Change, as represented in the literature, is a vast and heroic undertaking, needing supermen to bring it about, in the face of indifference and opposition from vested interests, and promising to save entire organizations from imminent annihilation.

Change as described in innumerable books

Change, in this view, is not organic, or evolutionary, or even necessarily rational. Change is not introduced; rather a new breed of heroes and “champions” is required to “drive it through.” (I don’t fully understand the metaphor, but I presume it has little to do with driving through MacDonald’s, for example.)

Change is more like a war, in which the enemy are your own employees. Those employees, in turn are expected just to “Work Harder,” like the horse Boxer in George Orwells’s Animal Farm, and to faithfully implement the decisions of the last management meeting — as well, of course, as doing their actual jobs.

What utter, absolute rubbish! Where did all this come from?

Change in real life

In real life, organizations change all the time, if they are any good, subtly adapting themselves to changing circumstances and likely challenges. If sudden radical and violent change is actually needed, it usually means one of two things:

  • There has been some sudden, unpredictable and overwhelming alteration in external circumstances; or
  • The organization is run by idiots who failed to see how the world was going.

I leave you to decide which is more likely.

An Ideology of Change

What is going on, beneath all this rhetorical garbage, is the arrival over the last twenty years or so of a veritable Ideology of Change. All of it is negative, but nothing about it is more dangerous, more intellectually slovenly, and more needlessly arrogant than the phrase “there’s always resistance to change.” This is an (unfortunately effective) way of deflecting questions and opposition, no matter how well founded, and dismissing any dissent on ideological grounds, even before it is articulated.

The Ideology of Change strengthens the short-term thinker over the long-term planner; the slash-and-burn merchant against the careful thinker; the superficial, aggressive personality against the manager who cares for his staff and the organization. It corrupts how we think and how we speak, with results that George Orwell would have recognized. (The inventor of the term “stakeholder buy-in” deserves death, but that’s not really a sufficient punishment for this kind of ideological atrocity, which reduces employees to the level of people holding sharp pieces of wood. )

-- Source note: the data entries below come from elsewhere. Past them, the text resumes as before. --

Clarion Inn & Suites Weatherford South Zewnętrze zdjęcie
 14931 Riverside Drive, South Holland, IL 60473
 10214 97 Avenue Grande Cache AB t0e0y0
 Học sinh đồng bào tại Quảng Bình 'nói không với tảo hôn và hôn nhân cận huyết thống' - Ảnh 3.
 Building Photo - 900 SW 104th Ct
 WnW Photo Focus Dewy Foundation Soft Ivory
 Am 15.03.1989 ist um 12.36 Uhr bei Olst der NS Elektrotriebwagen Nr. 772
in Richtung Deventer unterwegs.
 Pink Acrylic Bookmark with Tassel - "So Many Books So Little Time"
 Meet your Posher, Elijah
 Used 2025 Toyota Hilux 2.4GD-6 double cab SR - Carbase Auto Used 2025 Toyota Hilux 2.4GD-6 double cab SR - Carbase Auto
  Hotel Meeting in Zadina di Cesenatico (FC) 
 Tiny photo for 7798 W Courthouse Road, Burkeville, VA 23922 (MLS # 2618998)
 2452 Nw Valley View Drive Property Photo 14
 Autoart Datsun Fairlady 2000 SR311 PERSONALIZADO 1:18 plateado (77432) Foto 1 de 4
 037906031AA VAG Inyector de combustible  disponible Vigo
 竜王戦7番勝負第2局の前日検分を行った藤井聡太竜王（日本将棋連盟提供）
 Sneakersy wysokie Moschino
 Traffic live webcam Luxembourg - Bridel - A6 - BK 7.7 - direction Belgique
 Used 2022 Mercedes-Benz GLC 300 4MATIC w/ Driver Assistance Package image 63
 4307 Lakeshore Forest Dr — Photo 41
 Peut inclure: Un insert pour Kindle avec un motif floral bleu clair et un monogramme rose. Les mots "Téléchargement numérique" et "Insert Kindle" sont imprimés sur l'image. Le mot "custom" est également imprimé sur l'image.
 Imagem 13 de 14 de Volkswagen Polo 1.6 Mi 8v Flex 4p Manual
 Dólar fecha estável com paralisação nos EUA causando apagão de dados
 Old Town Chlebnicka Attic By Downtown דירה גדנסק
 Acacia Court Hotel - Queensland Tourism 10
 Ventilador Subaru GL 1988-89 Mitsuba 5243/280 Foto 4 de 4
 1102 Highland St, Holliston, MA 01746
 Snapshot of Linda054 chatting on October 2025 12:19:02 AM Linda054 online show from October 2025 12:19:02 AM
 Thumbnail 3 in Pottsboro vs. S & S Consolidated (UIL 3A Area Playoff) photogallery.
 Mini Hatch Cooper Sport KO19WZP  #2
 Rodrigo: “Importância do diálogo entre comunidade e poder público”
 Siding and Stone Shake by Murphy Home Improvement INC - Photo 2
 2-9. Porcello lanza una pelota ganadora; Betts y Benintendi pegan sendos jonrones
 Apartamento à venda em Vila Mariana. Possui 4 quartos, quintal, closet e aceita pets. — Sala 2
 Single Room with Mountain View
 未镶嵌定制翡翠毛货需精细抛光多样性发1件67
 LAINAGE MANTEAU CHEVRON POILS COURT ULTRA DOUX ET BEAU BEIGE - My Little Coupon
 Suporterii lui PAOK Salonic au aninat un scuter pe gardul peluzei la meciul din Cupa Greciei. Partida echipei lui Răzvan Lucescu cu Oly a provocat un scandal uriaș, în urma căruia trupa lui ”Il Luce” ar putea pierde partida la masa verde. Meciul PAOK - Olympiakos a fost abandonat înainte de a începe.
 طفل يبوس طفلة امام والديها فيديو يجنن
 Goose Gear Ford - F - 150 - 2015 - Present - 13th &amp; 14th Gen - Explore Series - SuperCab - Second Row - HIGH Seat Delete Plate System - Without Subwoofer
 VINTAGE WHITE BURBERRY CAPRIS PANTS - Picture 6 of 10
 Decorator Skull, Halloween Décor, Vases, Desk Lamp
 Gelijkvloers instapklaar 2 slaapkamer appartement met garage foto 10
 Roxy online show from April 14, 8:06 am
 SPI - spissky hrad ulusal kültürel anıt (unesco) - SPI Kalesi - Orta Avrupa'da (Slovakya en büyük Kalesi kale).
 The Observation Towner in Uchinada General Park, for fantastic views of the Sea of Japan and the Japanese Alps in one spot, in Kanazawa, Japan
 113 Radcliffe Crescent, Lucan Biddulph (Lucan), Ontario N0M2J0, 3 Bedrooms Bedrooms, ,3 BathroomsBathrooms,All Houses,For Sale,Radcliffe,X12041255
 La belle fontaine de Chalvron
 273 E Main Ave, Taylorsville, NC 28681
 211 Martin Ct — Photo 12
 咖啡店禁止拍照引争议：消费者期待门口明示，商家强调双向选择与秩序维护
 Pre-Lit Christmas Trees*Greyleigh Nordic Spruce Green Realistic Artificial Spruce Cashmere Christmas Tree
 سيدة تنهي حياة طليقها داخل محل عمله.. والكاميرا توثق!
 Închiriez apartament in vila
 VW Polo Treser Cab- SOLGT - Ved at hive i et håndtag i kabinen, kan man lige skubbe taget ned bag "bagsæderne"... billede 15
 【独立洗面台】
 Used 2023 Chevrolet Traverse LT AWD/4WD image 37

Nevertheless, in spite of all this effort, all this bullying —all this intellectual corruption — the evidence suggests that most “change programs” fail — a number because they are badly implemented, but most because they incompetently conceived in the first place. So even if, as Joseph Goebbels remarked to Heinrich Himmler in 1934, there’s always resistance to change, those who resist are statistically most likely to be right.

Return to reality

What, if anything, can be done? Some of the remedies are generic — a move to longer-term thinking; a generation of managers in the Anglo-Saxon world who are properly trained and less frightened; a greater self-confidence in organizations themselves; less worshipping of transient fashion.

That’s already quite a long list, and one which you might think is impossible to bring about anyway. But there are three things that any sensible organization could, and maybe should, do, if only out of self-protection.

  • Recognize that most organizations work well enough most of the time, when people who know what they are doing are left to get on with the job.
  • Understand that major change is a rare event in the outside world, and that, by contrast, internal change is often de-motivating, time-consuming, and dangerous. People work best in stable and predictable environments.
  • Accept that organizations have their own wisdom; and that asking people who actually do the work what changes need to be made is often the most productive way forward.

All this, of course, will be unpopular with the “Change Industry,” with insecure and incompetent managers, with shareholders hoping for miraculous increases in profits, and with business pundits looking for something to write about. They won’t like it at all.

But then, “there’s always resistance to Change.”